Lembramo-nos do nosso querido primo, conterrâneo e amigo, o montes-clarense Fernando Oliveira, então residindo no Rio, pediatra de renome, diretor do SAMCI – Serviço de Assistência Médica e Cirúrgica Infantil, em Ipanema.  Fernandão, tão querido e saudoso, além de grande médico era prestativo, simpático e prontificou-se a tratar do Simonal:



- Felippão! Mande-me o homem lá no SAMCI, para conversarmos e providenciaremos a cirurgia de fimose, para que o seu pinto fique uma beleza, brincou ele.  Diga-lhe que leve um filho junto, para parecer uma consulta pediátrica, lembrou, muito a propósito.



Tudo deu certo e feita a cirurgia numa clínica infantil em pleno bairro de Ipanema, Wilson Simonal ficou livre da incômoda fimose, sem que quase ninguém disso soubesse.  Em agradecimento, presenteou-nos com vários ingressos para seu próximo “show” e uma garrafa de uísque Presidente, um maravilhoso “scotch twelve” bastante raro, envelhecido em tonéis de cerâmica, excelente.



Quando o mundo desabou sobre sua cabeça, Simonal ficou numa pior, sem dinheiro. Muito derrubado, procurou-nos, então:



 - Professor:  Preciso dos papeis da transferência dos meninos para matriculá-los numa escola em São Paulo. Estou lhe devendo quase um ano de mensalidades e trouxe este relógio aqui para lhe propor trocar pela dívida.  É um Rolex de ouro, quase sem uso.  Veja, acho que dá para negociarmos.  Pode ser?



Tratava-se de uma jóia belíssima, um Rolex masculino todo de ouro, inclusive a pulseira, cujo valor, certamente, superava, de muito, o montante da dívida.  Nós o examinamos e o devolvemos, dizendo-lhe:



- Vamos lhe dar a transferência de Simoninha e da Patrícia sem a necessidade de ficar com o seu relógio, Simonal.  Leve-o de volta.  Temos certeza que você vencerá esta dificuldade da sua vida e dará a volta por cima, como convém a um homem de bem, injustiçado. A verdade, como sempre, prevalecerá.  Então, pelo seu notável talento, você voltará a brilhar, retomará a carreira e tudo se normalizará.  Quando puder, venha nos pagar o que deve.  E até lá, não se fala mais nisso!

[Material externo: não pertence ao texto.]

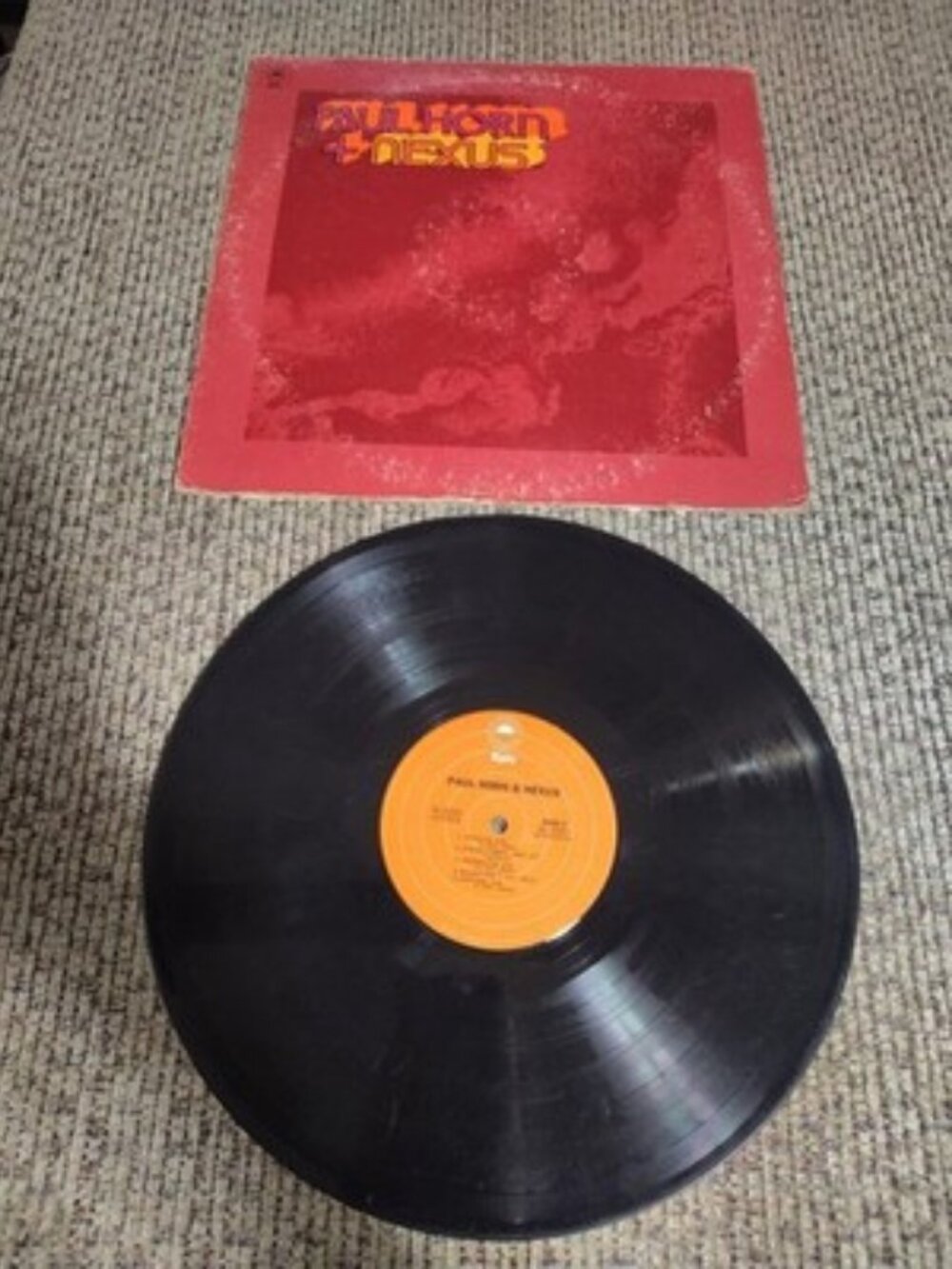 PAUL HORN & NEXUS Epic STEREO NM/NM-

Simonal nos abraçou, chorou muito agradecido no nosso ombro e mal conseguiu balbuciar um “muito obrigado.”



Correu o tempo, alguns anos se passaram e nossas previsões se realizaram.



Ficou provado e comprovado que Wilson Simonal era inocente de tudo que o acusaram e apenas fora vítima da filhadaputisse humana, descendente direta e dileta do despeito, da irresponsabilidade, de tudo de ruim que existe neste mundo!  Voltou a cantar, a “suingar”, a fazer sucesso, repercutir, consertou o corpo e o bolso, recuperando a maior parte da fama e do prestígio, para ódio de seus detratores.

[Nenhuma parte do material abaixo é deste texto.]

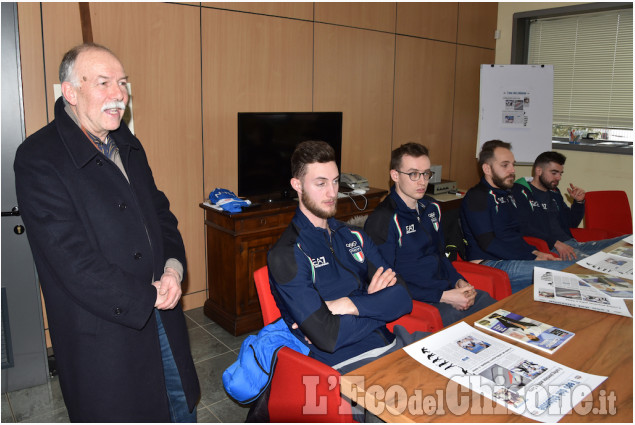 La Nazionale olimpica di curling reduce dai Giochi di Corea 2018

Um belo dia, surgiu na nossa escola, procurando-nos:



- Professor: Aqui está o cheque para quitar o que lhe devo. Pelo tempo, arredondei um pouco, para cima. Trago-lhe um presente, por coincidência um Rolex, novo, modelo náutico, Submariner, pois sei que você é um homem do mar, pescador, dono de barco.  Por favor, aceite!  Conforme combinamos, a dívida financeira hoje está sendo paga. Agora, tem uma outra dívida, professor, esta impagável, eterna, que se chama gratidão, um sentimento que, prazerosamente, guardo em meu coração.  Um homem jamais esquece o apoio que lhe dão num momento difícil. De uma história tão bonita, de você, da sua generosidade e da sua bondade, sempre me lembrarei, com muito carinho, enquanto vida eu tiver...



Simonal abraçou-nos, nos beijou, chorou de novo – desta vez só de emoção! – e partiu.



Foi desse jeito, querida leitora, que ganhamos o nosso primeiro Rolex.